§ **Exercise requirements**:
Look through the data below for the line with "Mildly Interesting - This" and the line with "Female doctor giving", then transcribe exactly from the first through the second, leaving out all pictures.
━━━
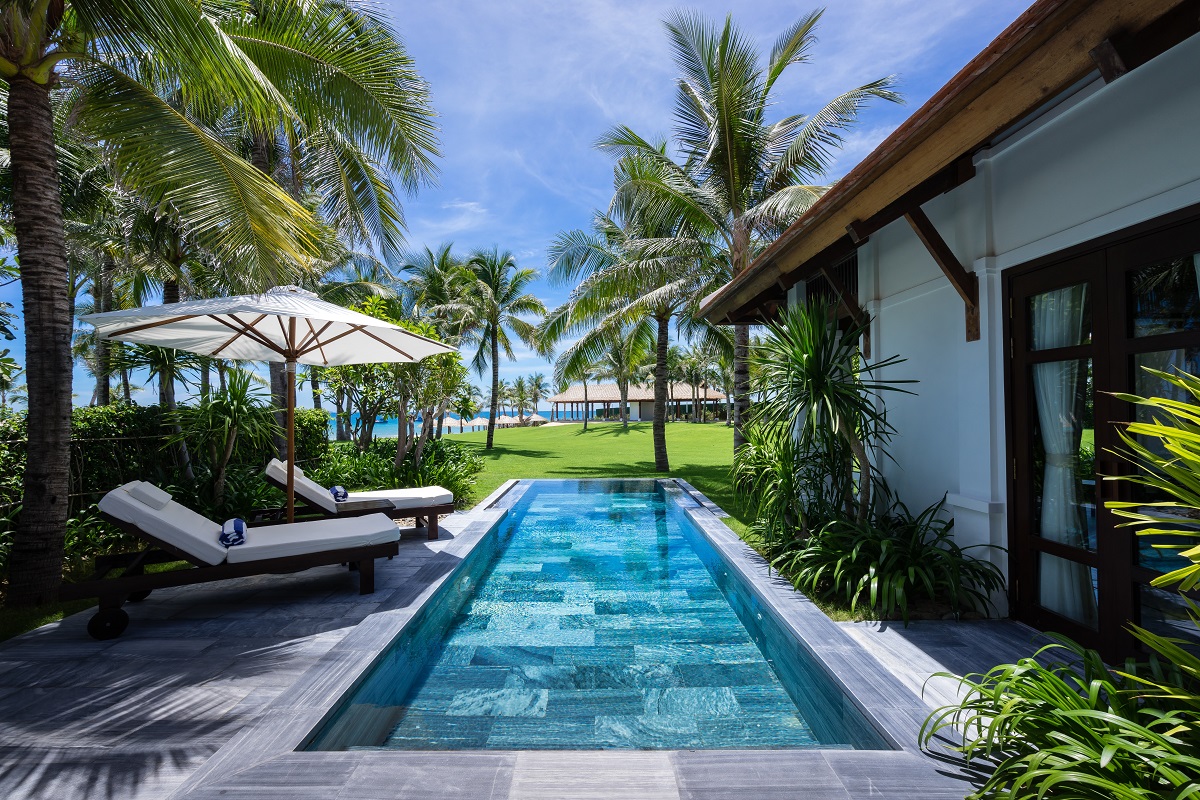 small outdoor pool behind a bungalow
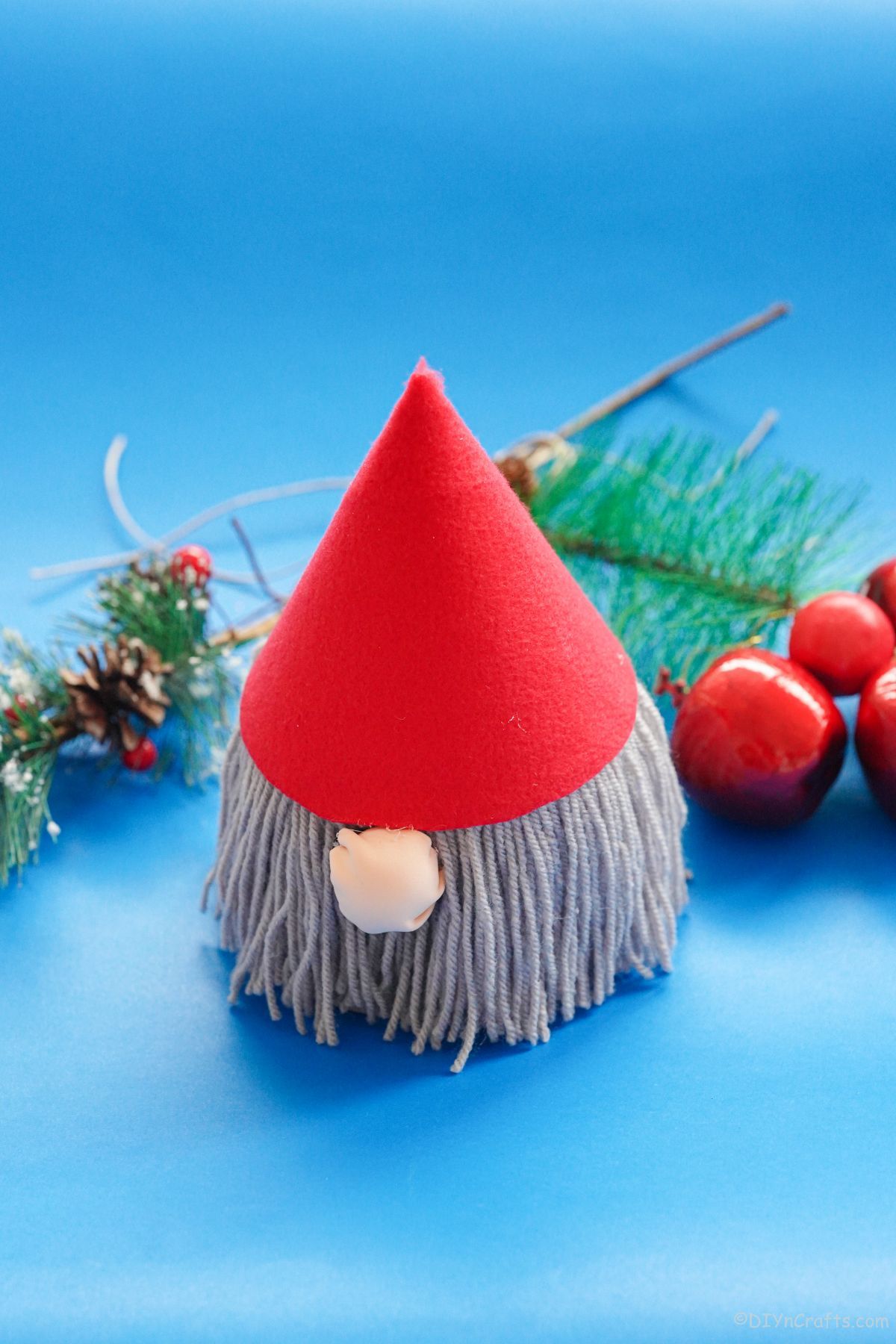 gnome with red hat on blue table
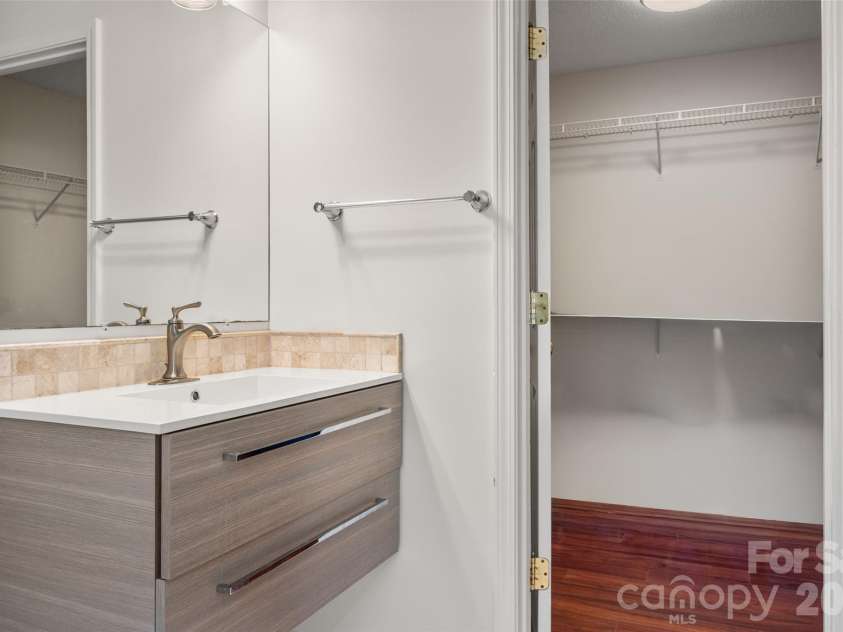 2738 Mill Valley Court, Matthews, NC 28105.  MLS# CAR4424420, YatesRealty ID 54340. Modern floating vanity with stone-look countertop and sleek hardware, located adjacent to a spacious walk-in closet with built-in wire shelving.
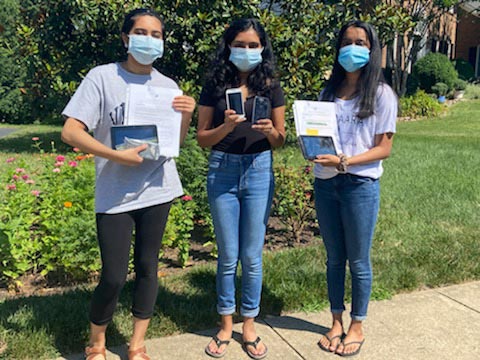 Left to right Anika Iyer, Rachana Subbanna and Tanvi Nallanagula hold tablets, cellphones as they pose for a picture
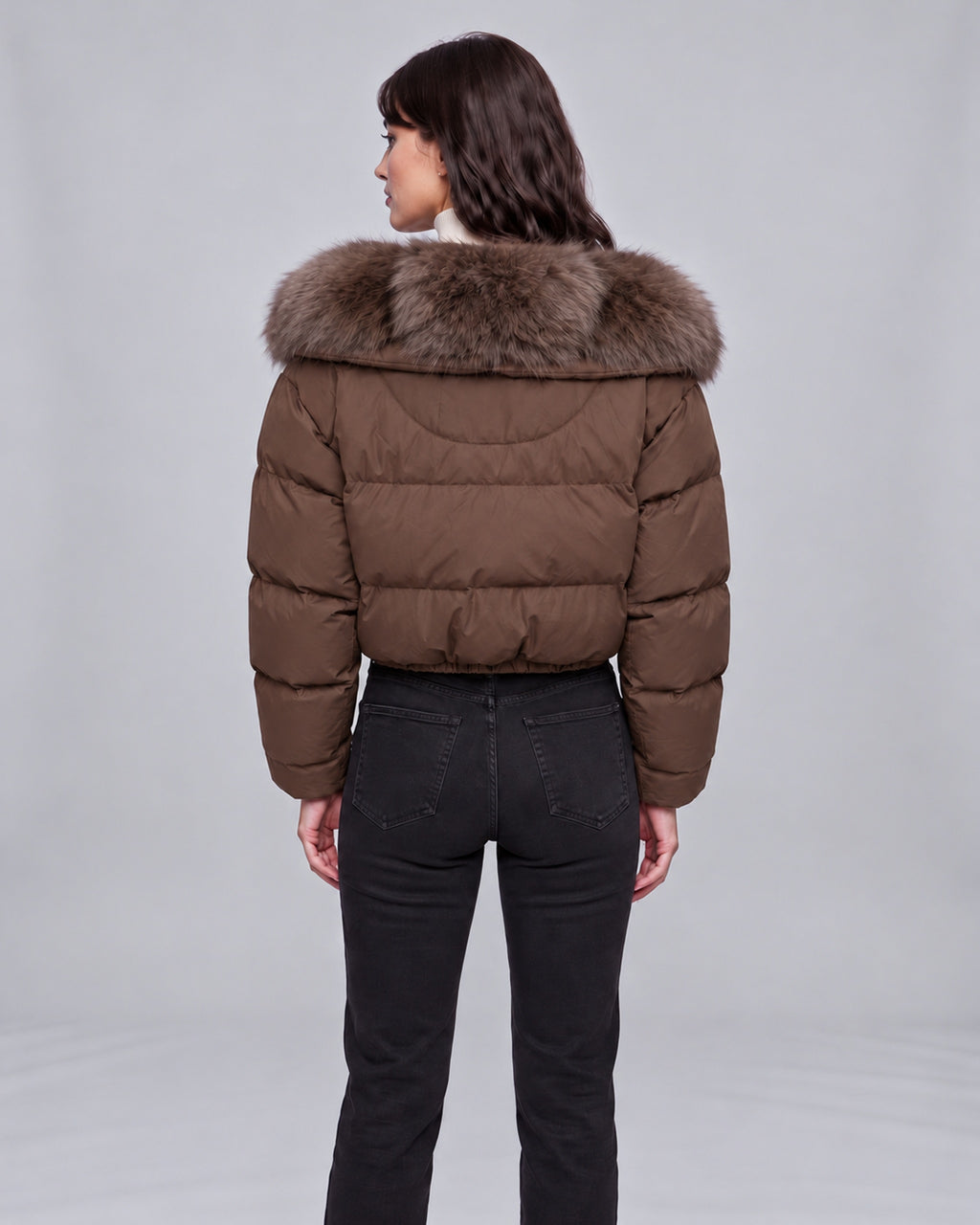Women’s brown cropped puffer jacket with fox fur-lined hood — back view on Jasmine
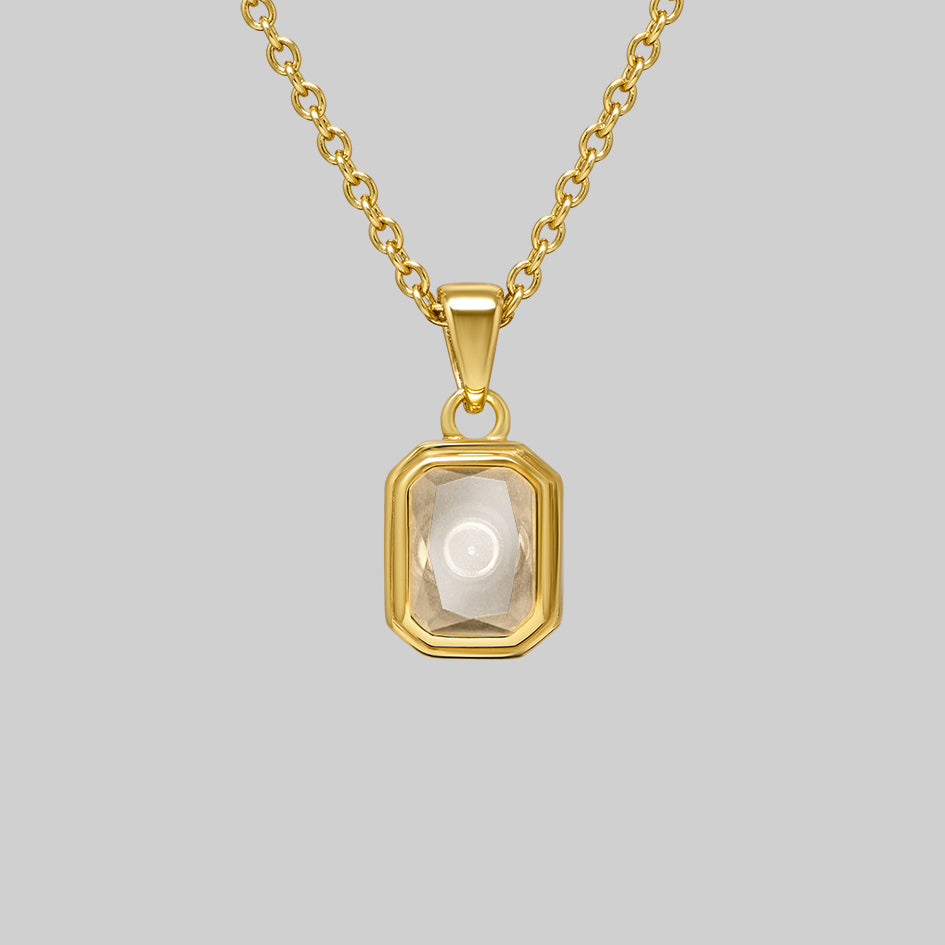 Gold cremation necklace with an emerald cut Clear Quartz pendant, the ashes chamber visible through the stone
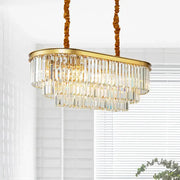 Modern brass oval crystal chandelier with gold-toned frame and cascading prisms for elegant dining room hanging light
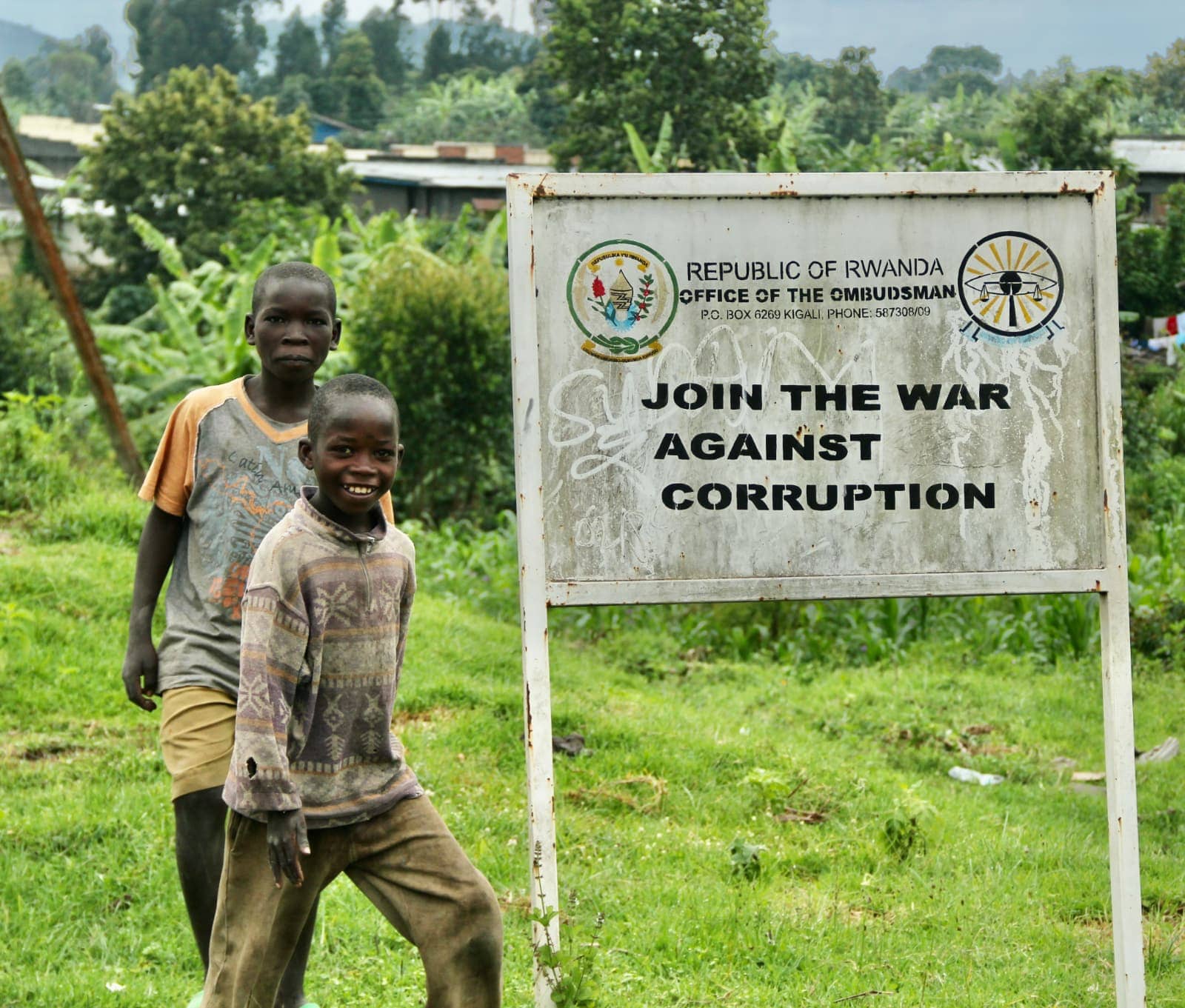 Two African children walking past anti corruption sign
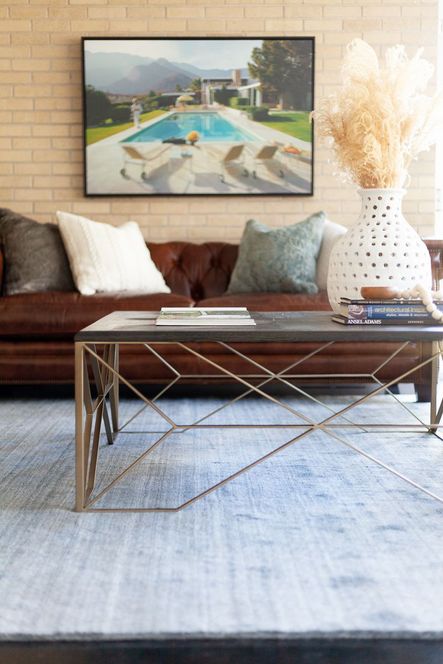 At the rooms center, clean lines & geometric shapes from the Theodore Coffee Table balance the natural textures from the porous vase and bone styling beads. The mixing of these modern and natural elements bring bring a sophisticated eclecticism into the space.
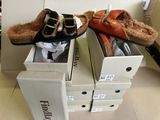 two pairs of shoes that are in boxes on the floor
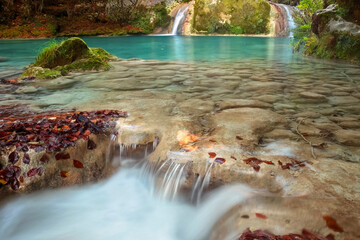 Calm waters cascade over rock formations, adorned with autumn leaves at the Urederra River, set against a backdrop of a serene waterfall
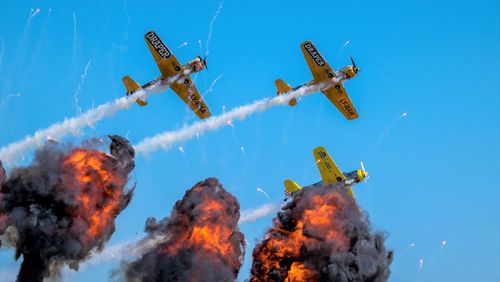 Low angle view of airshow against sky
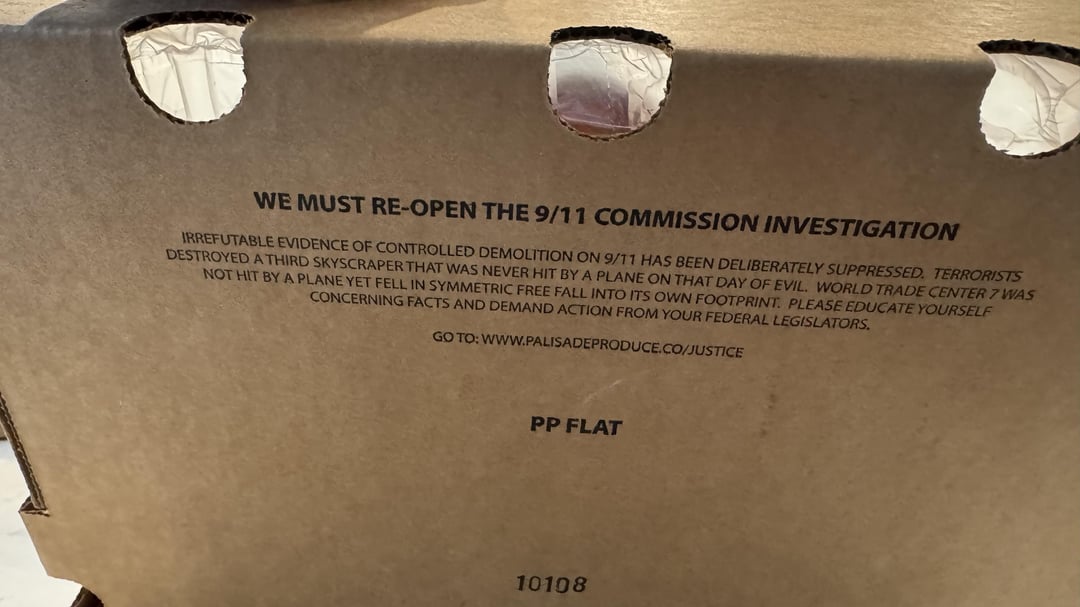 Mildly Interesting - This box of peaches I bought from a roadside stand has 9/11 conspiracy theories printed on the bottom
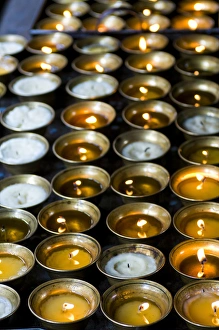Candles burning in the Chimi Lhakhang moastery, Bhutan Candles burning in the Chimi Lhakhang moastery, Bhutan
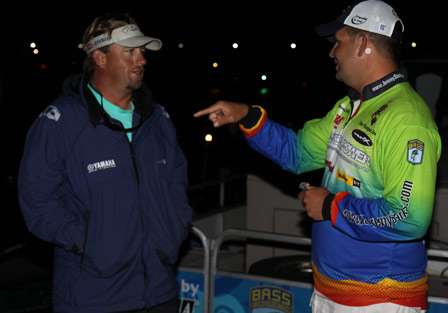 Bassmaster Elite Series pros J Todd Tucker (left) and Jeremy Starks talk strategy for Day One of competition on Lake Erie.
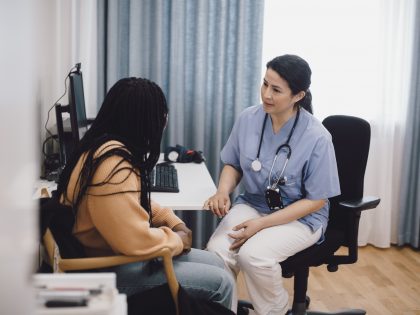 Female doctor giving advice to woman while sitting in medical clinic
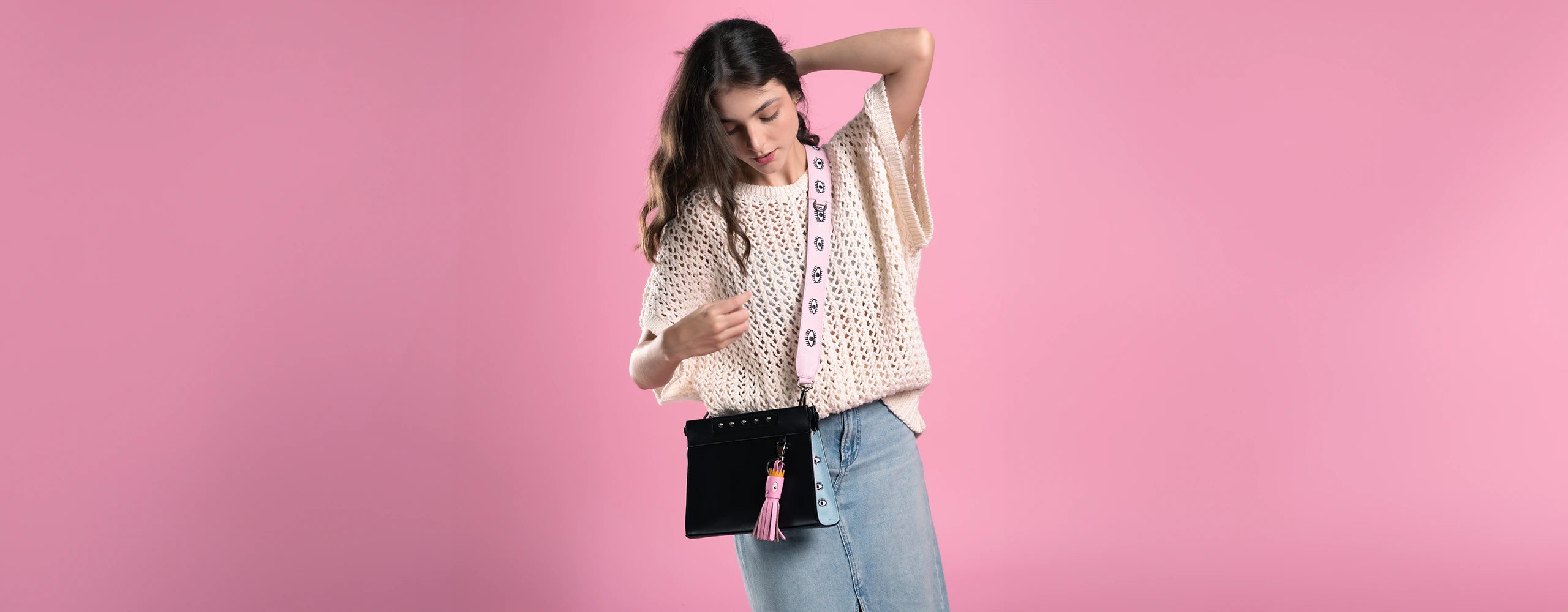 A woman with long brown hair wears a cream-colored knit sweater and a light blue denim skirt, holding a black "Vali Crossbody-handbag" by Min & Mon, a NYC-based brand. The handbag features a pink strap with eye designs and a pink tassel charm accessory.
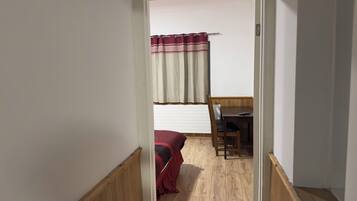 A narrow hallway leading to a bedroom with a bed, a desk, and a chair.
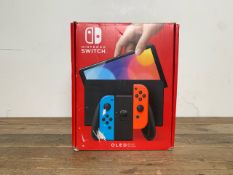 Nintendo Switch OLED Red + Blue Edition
━━━
§ **Exercise solution**:
 Mildly Interesting - This box of peaches I bought from a roadside stand has 9/11 conspiracy theories printed on the bottom
Candles burning in the Chimi Lhakhang moastery, Bhutan Candles burning in the Chimi Lhakhang moastery, Bhutan
 Bassmaster Elite Series pros J Todd Tucker (left) and Jeremy Starks talk strategy for Day One of competition on Lake Erie.
 Female doctor giving advice to woman while sitting in medical clinic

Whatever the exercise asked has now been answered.